It will take more than a limp wave of support from FCC chairman Ajit Pai to convince the Department of Justice (DoJ) to approve the $26.5bn merger between T-Mobile and Sprint, despite the two telcos offering a number of concessions. A source speaking to Bloomberg last week claimed the DoJ top dogs are in favor of blocking the deal, citing anti-competitive implications.
As pointed out in the report, the FCC and DoJ have never before locked horns over a major merger. But the coming months could include a war of words between Pai and DoJ chief Makan Delrahim, who famously sued to block the merger between AT&T and Time Warner back in 2017. Of course, that was a cross-industry merger and therefore far more likely to receive approval than T-Mobile and Sprint.

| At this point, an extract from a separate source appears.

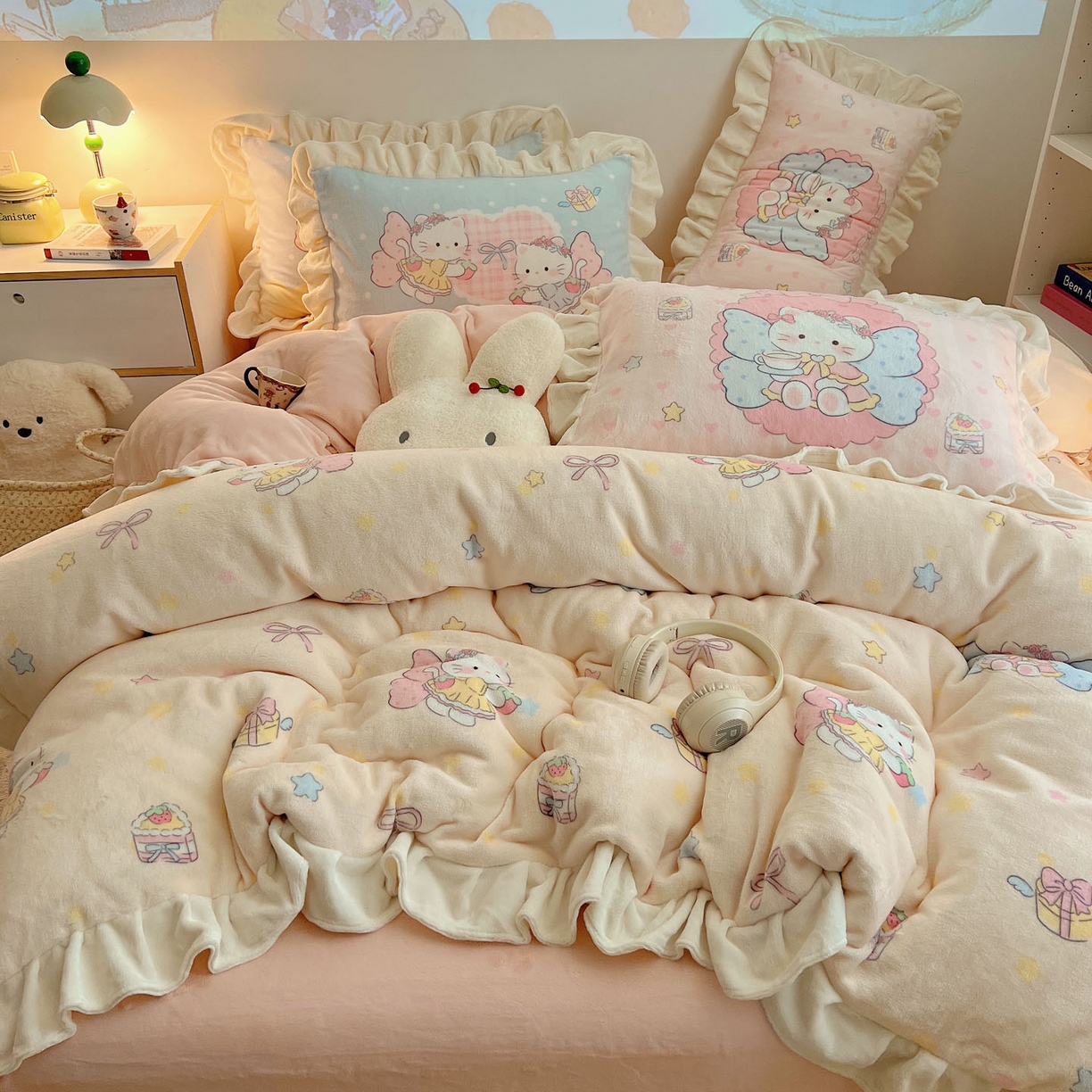 91家纺网 家纺一手货源 找家纺 沐慕 2025新款高克重花边款牛奶绒四件套 花边-猫咪仙子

Pai argued the case for 5G coverage, echoing the promises made by TMO. “The companies have committed to deploying a 5G network that would cover 97% of our nation’s population within three years of the closing of the merger and 99% of Americans within six years. This 5G network would also reach deep into rural areas, with 85% of rural Americans covered within three years and 90% covered within six years. Additionally, TMO and Sprint have guaranteed that 90% of Americans would have access to mobile broadband service at speeds of at least 100 Mbps and 99% would have access to speeds of at least 50 Mbps,” said Pai.
Supporting broadband and multiplay services like video are key to TMO’s case in point. “Moreover, the companies have offered specific commitments regarding the rollout of an in-home broadband product, including to rural households. This would give many Americans another option for home broadband service,” he added.
We now know TMO and Sprint are considering a sale of the prepaid business Boost Mobile as a concession for earning regulatory approval in the $26.5bn merger to form ‘New T-Mobile’. Selling spectrum licenses and setting up a fourth carrier were reportedly two less attractive options than the aforementioned sale. The companies have also committed to freezing prices for three years.
But clearly this isn’t where the Justice Department sees the red flags planted, in a business of 1.1m subscribers, adding 69,000 in the last quarter, which wains in comparison to the behemoth of a postpaid business approaching 39m subscribers. In Q1, TMO once again exceeded a million customer additions in a single quarter, recording 1.65m net adds, which boosted revenue by 7% to $11.1bn for the quarter.
But while TMO has used marketing expertise and canny pricing to leapfrog its would-be merger partner, Sprint has suffered years of customer defections, caused by network failings and poor customer service. Despite big investments in these areas in recent years and a major change of management, its fiscal fourth quarter results were depressingly familiar, with 189,000 postpaid customers leaving – a sad reversal of the year-ago quarter, when Sprint reported net additions of 55,000.
None of this bodes well for its 5G future, especially if regulators prevent its proposed merger with TMO. Sprint brings its only unique asset to that marriage – its plentiful supply of 2.5 GHz spectrum, the kind of midband airwaves that are ideal for 5G capacity, without the risks of millimeter wave, and which the larger operators lack. It would complement TMO’s national 600 MHz spectrum very well, supporting a balance of coverage and capacity.
“It’s also important that the companies would suffer serious consequences if they fail to follow through on their commitments to the FCC. These consequences, which could include total payments to the US Treasury of billions of dollars, create a powerful incentive for the companies to meet their commitments on time,” warned Pai.
The deadline for a decision regarding the formation of New T-Mobile was recently extended to July 29, allowing extra time to seek regulatory approval.